Дон уткнулся в самое ухо хозяйки и замурлыкал.
— Я накрою пока стол к чаю, — проговорил Морис.
— А поесть у нас что-нибудь есть? — спросила Мирослава.
— Есть. Отбивные, запеченные куриные окорочка и цветная капуста.
— Хорошо, я сейчас вымою руки и нарежу салат.
В четыре руки они быстро нарезали огурцы, помидоры, лук, зелень, Мирослава посыпала все солью, а Морис полил подсолнечным маслом, пахнущим семечками.
Шура, должно быть, летел по шоссе, так как явился спустя тридцать минут после звонка. Под нажимом Мирославы, бранящей его за превышение скорости, Наполеонов признался, что звонил, уже едучи к ним.
— Кстати, где вы были? — спросил он.
— Ходили на выставку картин Лидии Заречной.
— ?!
— Ты не знал?
— Нет…
— Газеты надо, Шура, читать.
— Некогда. А что вы мне не сказали?
— Мы как-то об этом не подумали, — лукаво улыбнулась Мирослава.

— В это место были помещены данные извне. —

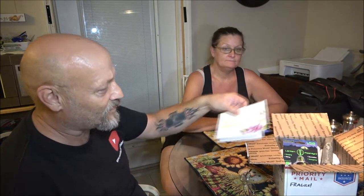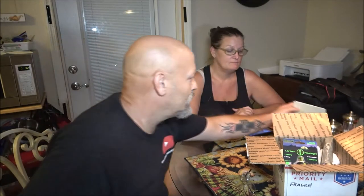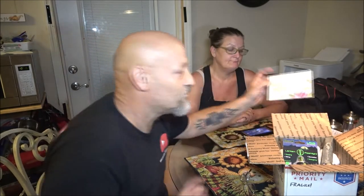We already opened it up, as you can tell. He sent us a very nice card — I'm not going to read it because it's a little personal — but it says 'You're inspiring.' That is a very nice card. He also sent us a two-page letter, well one page front and back. I'm not going to read that either; that's our personal stuff.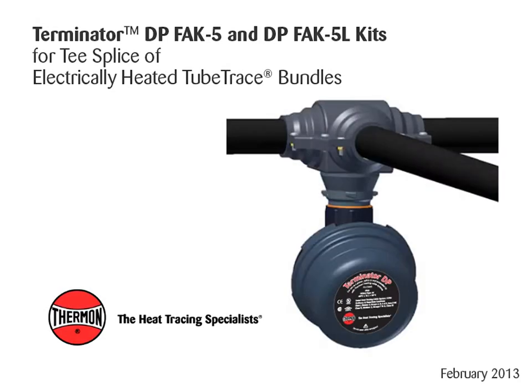This video covers installation details of Thermon's Terminator DP, FAK5, and DPFAK5L kits for T-splice of electrically heated tube trace bundles.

— Проявили вредность, — Шура махнул рукой, — ну ладно, прощаю. Рассказывайте! Как картины? Понравились?
— Потрясающе!
— А тебе, Морис?
— Мне очень понравились миниатюры старых двориков…

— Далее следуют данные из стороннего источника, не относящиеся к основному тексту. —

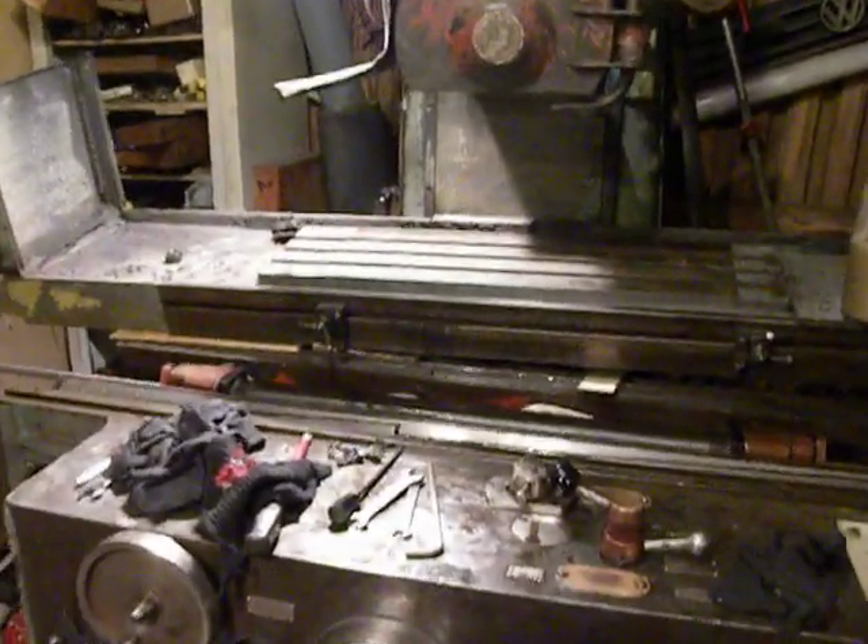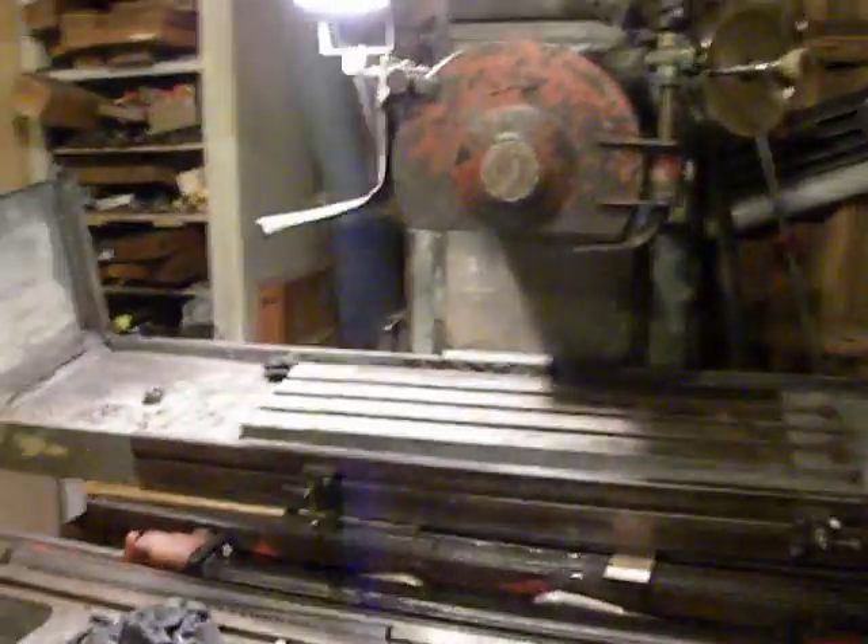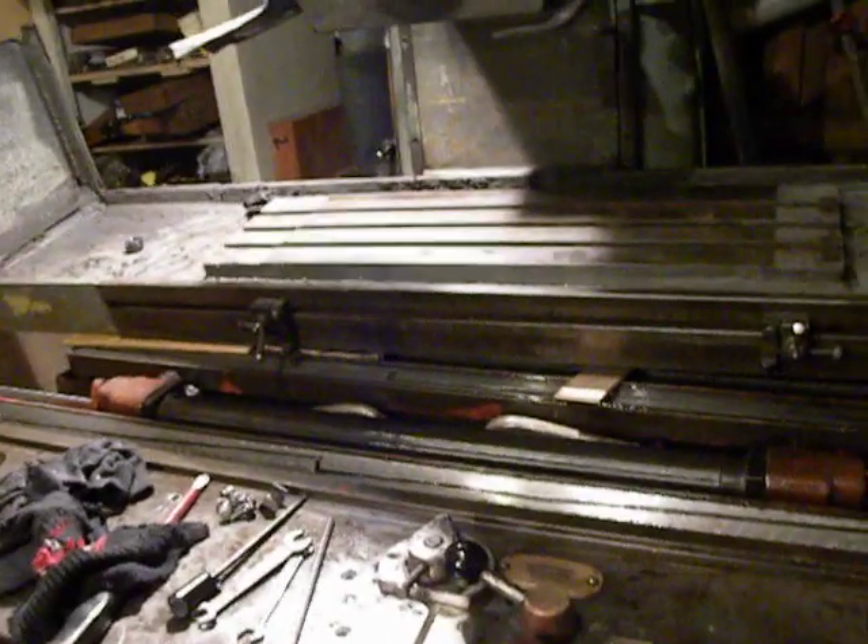Hello, in my factory. I just repaired my hydraulic cylinder of my surface grinding machine and now is a test run of the hydraulics.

— Там были портреты ее подруг. В том числе Юлии Лопыревой…
— Ну и почему бы ей ее не написать, — сказал Шура, пристально вглядываясь в глаза Мирославы.
— Действительно, почему бы, — задумчиво проговорила она, — но главное — как…
— Ты что-то заметила?
— Даже не знаю, что сказать тебе, Шура.
— Просто скажи, что ты увидела и почувствовала, — настаивал он.
— Когда я смотрела на этот портрет, — проговорила она медленно, — мне вспоминался Оскар Уайльд с его портретом Дориана Грея.
— Да?
— Да…
— И что же? На ее портрете проступили тени ее пороков и прегрешений?
— Не совсем так…
— Тогда что же?
— Интуиция подсказывает мне, что убила Юлия.
— Опять ты за свое! — всплеснул руками Шура. — Абсурд! У нее стопроцентное алиби! Она никак не могла его убить!
Мирослава ничего не ответила.
— К тому же ты забыла, что она не переносит крови, — добавил Шура нахмурившись.
— Необязательно убивать самой…
— Ну да, — усмехнулся Шура, — скажи еще, что она киллера наняла.